> [PROBLEM]:
Repeat the records. Leave nothing out.

> [MATERIAL SHOWN]:
Content starts

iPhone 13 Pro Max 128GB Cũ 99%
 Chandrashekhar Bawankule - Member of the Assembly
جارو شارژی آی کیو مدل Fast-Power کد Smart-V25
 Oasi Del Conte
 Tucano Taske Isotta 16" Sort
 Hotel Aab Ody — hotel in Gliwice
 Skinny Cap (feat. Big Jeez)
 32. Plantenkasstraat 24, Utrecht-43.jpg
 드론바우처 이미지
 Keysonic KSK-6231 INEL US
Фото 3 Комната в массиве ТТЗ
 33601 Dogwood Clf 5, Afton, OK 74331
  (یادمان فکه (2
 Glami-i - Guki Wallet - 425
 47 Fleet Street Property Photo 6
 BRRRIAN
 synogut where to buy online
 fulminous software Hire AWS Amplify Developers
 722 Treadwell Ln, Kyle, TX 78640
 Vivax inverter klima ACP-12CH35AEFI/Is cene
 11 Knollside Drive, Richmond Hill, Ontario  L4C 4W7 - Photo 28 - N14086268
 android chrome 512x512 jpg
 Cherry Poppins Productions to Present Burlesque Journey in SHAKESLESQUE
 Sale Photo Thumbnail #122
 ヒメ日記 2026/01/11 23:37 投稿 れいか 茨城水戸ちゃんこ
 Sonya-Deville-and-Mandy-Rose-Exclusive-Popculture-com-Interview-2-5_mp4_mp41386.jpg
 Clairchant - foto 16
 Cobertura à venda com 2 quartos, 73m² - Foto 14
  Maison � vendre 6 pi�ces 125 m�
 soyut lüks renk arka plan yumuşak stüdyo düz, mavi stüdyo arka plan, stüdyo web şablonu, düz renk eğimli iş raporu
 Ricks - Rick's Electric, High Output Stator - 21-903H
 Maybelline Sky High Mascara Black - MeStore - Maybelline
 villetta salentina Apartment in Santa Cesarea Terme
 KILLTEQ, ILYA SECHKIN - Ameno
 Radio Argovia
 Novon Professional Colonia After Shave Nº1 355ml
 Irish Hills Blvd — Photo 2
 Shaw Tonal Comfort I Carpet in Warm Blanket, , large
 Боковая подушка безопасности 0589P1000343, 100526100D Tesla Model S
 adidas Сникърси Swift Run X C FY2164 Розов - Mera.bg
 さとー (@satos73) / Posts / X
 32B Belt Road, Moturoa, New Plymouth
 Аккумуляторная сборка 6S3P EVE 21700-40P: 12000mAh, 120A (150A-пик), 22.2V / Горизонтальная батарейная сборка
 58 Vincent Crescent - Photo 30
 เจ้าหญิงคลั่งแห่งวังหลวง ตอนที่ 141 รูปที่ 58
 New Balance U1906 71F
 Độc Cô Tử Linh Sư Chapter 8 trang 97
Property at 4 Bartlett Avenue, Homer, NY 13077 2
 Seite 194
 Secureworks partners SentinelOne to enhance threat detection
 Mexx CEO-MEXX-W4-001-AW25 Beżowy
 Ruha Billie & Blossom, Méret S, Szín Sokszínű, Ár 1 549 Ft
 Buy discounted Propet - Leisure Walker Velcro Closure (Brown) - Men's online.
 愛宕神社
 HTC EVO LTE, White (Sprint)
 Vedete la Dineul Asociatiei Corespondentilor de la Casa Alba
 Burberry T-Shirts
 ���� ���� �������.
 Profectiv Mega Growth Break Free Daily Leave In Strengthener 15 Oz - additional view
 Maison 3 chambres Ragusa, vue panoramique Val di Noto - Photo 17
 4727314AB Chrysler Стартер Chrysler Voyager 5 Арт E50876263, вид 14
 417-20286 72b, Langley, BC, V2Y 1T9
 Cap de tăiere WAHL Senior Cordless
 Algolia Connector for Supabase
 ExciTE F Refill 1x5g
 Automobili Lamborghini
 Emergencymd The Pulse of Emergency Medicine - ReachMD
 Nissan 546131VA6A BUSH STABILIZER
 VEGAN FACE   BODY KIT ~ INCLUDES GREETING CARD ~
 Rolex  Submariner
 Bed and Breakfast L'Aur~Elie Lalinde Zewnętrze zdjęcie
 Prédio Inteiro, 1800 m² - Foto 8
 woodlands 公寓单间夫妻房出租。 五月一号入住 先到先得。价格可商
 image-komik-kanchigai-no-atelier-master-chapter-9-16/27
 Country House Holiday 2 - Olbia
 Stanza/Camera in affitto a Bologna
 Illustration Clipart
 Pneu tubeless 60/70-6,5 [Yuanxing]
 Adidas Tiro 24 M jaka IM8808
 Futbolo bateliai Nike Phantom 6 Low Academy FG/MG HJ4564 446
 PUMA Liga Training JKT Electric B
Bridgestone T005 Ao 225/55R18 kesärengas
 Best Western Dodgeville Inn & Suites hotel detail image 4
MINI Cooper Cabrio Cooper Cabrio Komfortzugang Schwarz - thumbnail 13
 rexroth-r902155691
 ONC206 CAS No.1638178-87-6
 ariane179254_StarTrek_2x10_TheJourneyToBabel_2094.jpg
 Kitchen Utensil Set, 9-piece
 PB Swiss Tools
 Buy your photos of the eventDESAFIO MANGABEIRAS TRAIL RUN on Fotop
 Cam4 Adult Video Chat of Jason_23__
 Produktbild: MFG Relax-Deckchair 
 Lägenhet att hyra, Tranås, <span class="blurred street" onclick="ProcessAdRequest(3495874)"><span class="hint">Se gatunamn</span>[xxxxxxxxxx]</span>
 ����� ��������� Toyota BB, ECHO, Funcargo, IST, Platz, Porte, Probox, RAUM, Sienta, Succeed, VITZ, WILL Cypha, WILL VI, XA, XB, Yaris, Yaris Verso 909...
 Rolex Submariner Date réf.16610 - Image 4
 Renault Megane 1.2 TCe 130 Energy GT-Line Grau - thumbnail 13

Content ends

> [SOLUTION TO THIS TASK]:
iPhone 13 Pro Max 128GB Cũ 99%
 Chandrashekhar Bawankule - Member of the Assembly
جارو شارژی آی کیو مدل Fast-Power کد Smart-V25
 Oasi Del Conte
 Tucano Taske Isotta 16" Sort
 Hotel Aab Ody — hotel in Gliwice
 Skinny Cap (feat. Big Jeez)
 32. Plantenkasstraat 24, Utrecht-43.jpg
 드론바우처 이미지
 Keysonic KSK-6231 INEL US
Фото 3 Комната в массиве ТТЗ
 33601 Dogwood Clf 5, Afton, OK 74331
  (یادمان فکه (2
 Glami-i - Guki Wallet - 425
 47 Fleet Street Property Photo 6
 BRRRIAN
 synogut where to buy online
 fulminous software Hire AWS Amplify Developers
 722 Treadwell Ln, Kyle, TX 78640
 Vivax inverter klima ACP-12CH35AEFI/Is cene
 11 Knollside Drive, Richmond Hill, Ontario  L4C 4W7 - Photo 28 - N14086268
 android chrome 512x512 jpg
 Cherry Poppins Productions to Present Burlesque Journey in SHAKESLESQUE
 Sale Photo Thumbnail #122
 ヒメ日記 2026/01/11 23:37 投稿 れいか 茨城水戸ちゃんこ
 Sonya-Deville-and-Mandy-Rose-Exclusive-Popculture-com-Interview-2-5_mp4_mp41386.jpg
 Clairchant - foto 16
 Cobertura à venda com 2 quartos, 73m² - Foto 14
  Maison � vendre 6 pi�ces 125 m�
 soyut lüks renk arka plan yumuşak stüdyo düz, mavi stüdyo arka plan, stüdyo web şablonu, düz renk eğimli iş raporu
 Ricks - Rick's Electric, High Output Stator - 21-903H
 Maybelline Sky High Mascara Black - MeStore - Maybelline
 villetta salentina Apartment in Santa Cesarea Terme
 KILLTEQ, ILYA SECHKIN - Ameno
 Radio Argovia
 Novon Professional Colonia After Shave Nº1 355ml
 Irish Hills Blvd — Photo 2
 Shaw Tonal Comfort I Carpet in Warm Blanket, , large
 Боковая подушка безопасности 0589P1000343, 100526100D Tesla Model S
 adidas Сникърси Swift Run X C FY2164 Розов - Mera.bg
 さとー (@satos73) / Posts / X
 32B Belt Road, Moturoa, New Plymouth
 Аккумуляторная сборка 6S3P EVE 21700-40P: 12000mAh, 120A (150A-пик), 22.2V / Горизонтальная батарейная сборка
 58 Vincent Crescent - Photo 30
 เจ้าหญิงคลั่งแห่งวังหลวง ตอนที่ 141 รูปที่ 58
 New Balance U1906 71F
 Độc Cô Tử Linh Sư Chapter 8 trang 97
Property at 4 Bartlett Avenue, Homer, NY 13077 2
 Seite 194
 Secureworks partners SentinelOne to enhance threat detection
 Mexx CEO-MEXX-W4-001-AW25 Beżowy
 Ruha Billie & Blossom, Méret S, Szín Sokszínű, Ár 1 549 Ft
 Buy discounted Propet - Leisure Walker Velcro Closure (Brown) - Men's online.
 愛宕神社
 HTC EVO LTE, White (Sprint)
 Vedete la Dineul Asociatiei Corespondentilor de la Casa Alba
 Burberry T-Shirts
 ���� ���� �������.
 Profectiv Mega Growth Break Free Daily Leave In Strengthener 15 Oz - additional view
 Maison 3 chambres Ragusa, vue panoramique Val di Noto - Photo 17
 4727314AB Chrysler Стартер Chrysler Voyager 5 Арт E50876263, вид 14
 417-20286 72b, Langley, BC, V2Y 1T9
 Cap de tăiere WAHL Senior Cordless
 Algolia Connector for Supabase
 ExciTE F Refill 1x5g
 Automobili Lamborghini
 Emergencymd The Pulse of Emergency Medicine - ReachMD
 Nissan 546131VA6A BUSH STABILIZER
 VEGAN FACE   BODY KIT ~ INCLUDES GREETING CARD ~
 Rolex  Submariner
 Bed and Breakfast L'Aur~Elie Lalinde Zewnętrze zdjęcie
 Prédio Inteiro, 1800 m² - Foto 8
 woodlands 公寓单间夫妻房出租。 五月一号入住 先到先得。价格可商
 image-komik-kanchigai-no-atelier-master-chapter-9-16/27
 Country House Holiday 2 - Olbia
 Stanza/Camera in affitto a Bologna
 Illustration Clipart
 Pneu tubeless 60/70-6,5 [Yuanxing]
 Adidas Tiro 24 M jaka IM8808
 Futbolo bateliai Nike Phantom 6 Low Academy FG/MG HJ4564 446
 PUMA Liga Training JKT Electric B
Bridgestone T005 Ao 225/55R18 kesärengas
 Best Western Dodgeville Inn & Suites hotel detail image 4
MINI Cooper Cabrio Cooper Cabrio Komfortzugang Schwarz - thumbnail 13
 rexroth-r902155691
 ONC206 CAS No.1638178-87-6
 ariane179254_StarTrek_2x10_TheJourneyToBabel_2094.jpg
 Kitchen Utensil Set, 9-piece
 PB Swiss Tools
 Buy your photos of the eventDESAFIO MANGABEIRAS TRAIL RUN on Fotop
 Cam4 Adult Video Chat of Jason_23__
 Produktbild: MFG Relax-Deckchair 
 Lägenhet att hyra, Tranås, <span class="blurred street" onclick="ProcessAdRequest(3495874)"><span class="hint">Se gatunamn</span>[xxxxxxxxxx]</span>
 ����� ��������� Toyota BB, ECHO, Funcargo, IST, Platz, Porte, Probox, RAUM, Sienta, Succeed, VITZ, WILL Cypha, WILL VI, XA, XB, Yaris, Yaris Verso 909...
 Rolex Submariner Date réf.16610 - Image 4
 Renault Megane 1.2 TCe 130 Energy GT-Line Grau - thumbnail 13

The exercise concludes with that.